Largest yellow hypergiant star spotted by Observatory in Chile

HR 5171 is a yellow hypergiant star 1,300 times the size of the Sun, making it the largest yellow star, and one of the ten largest stars of any type, known to mankind. Or, so astronomers thought, until they examined new observations of the object made with the Very Large Telescope Interferometer in Chile.

Recent observations reveal HR5171 to be composed of two objects, each so close to each other, they are in contact. The newly-discovered companion to the main body has been designated HR5171B. This smaller object orbits around a common center of mass, located within the body of the more massive companion.

The stars are aligned in such a way that HR 5171B passes between its parent star and the Earth during each revolution. Astronomers, therefore, classify this as an eclipsing binary system. Together, the pair forms a composite body that resembles a giant peanut in space, rotating once every 1,300 days.

When investigators looked over data collected by observatories over the last six decades, they concluded the system has been rapidly changing over that period of time. The star has been growing larger, and cooler, during the last 40 years of observations. Due to the finite speed of light, the behavior astronomers see today from that object actually took place 12,000 years in the past.

To make these observations, astronomers combined a network of telescopes, using a process called interferometry. This provided researchers the same degree of details in their observations as if they were using a telescope more than 450 feet in diameter.

Astronomers only know of about a dozen yellow hypergiants in the Milky Way Galaxy. These super-massive stars are at a highly-unstable point in their lives, and change rapidly. As they mature, they expel gas, which expands outward from the star, encasing the stellar furnace. If enough stellar material is released, it can form a nebula around the body.

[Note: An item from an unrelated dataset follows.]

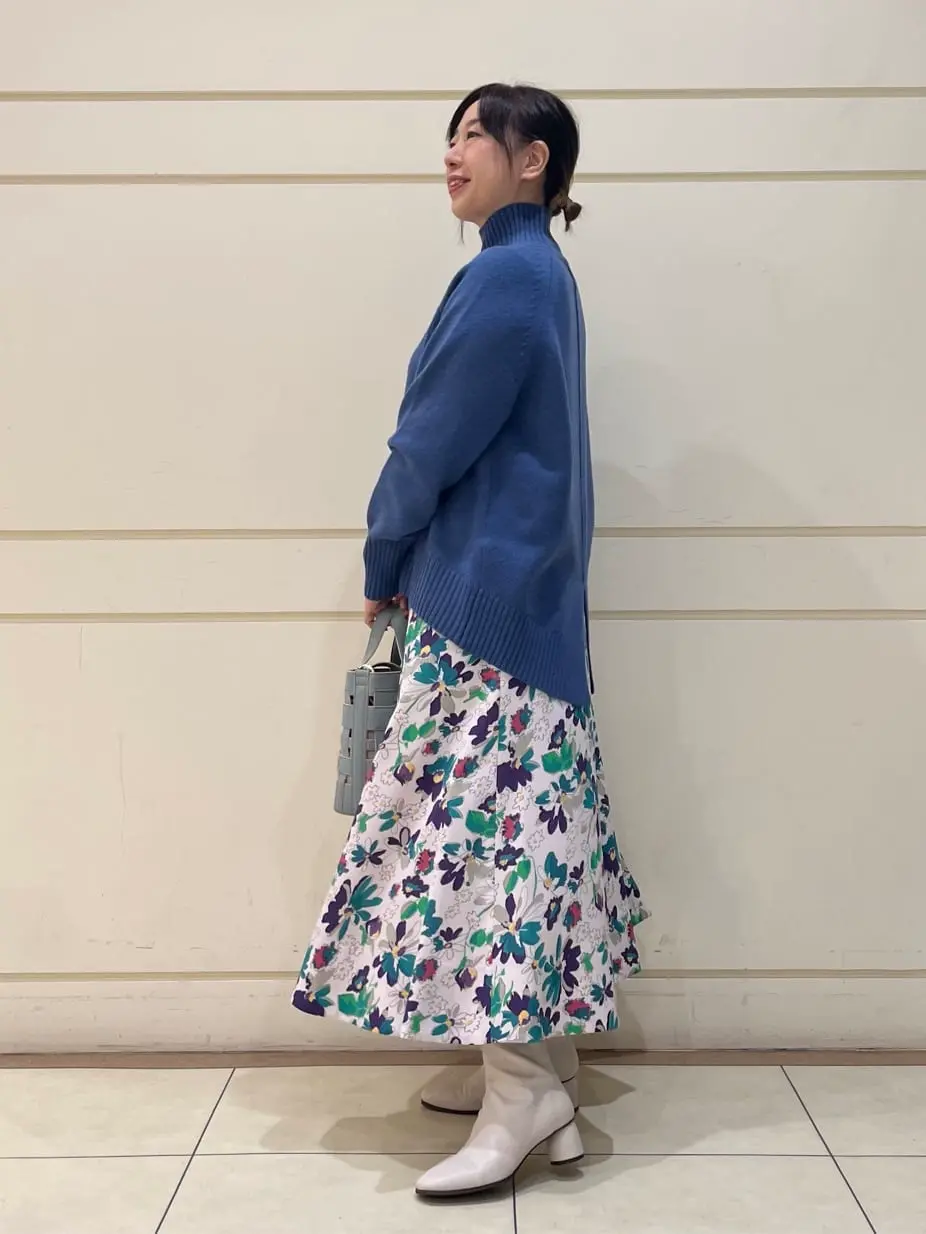 組曲 SAKAI コーディネート画像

Betelgeuse, a red supergiant in the Constellation Orion, is one of the most famous of all these behemoth stars. Even that massive stellar body is only two-thirds of the size of the system comprising the double structure. If put in place of our Sun, the HR 5171 pair would swallow every planet from Mercury to Jupiter.

The less-massive of the duo has a higher surface temperature than its larger companion.

HR 5171 is so distant, when light from the observations left its source, the last ice age was still ending, agriculture was first being developed in Southeast Asia, and people were still living in caves. Despite this, this giant peanut in space can easily be seen as a point of light in binoculars. Look for it in southern skies, located in the constellation Centaurus.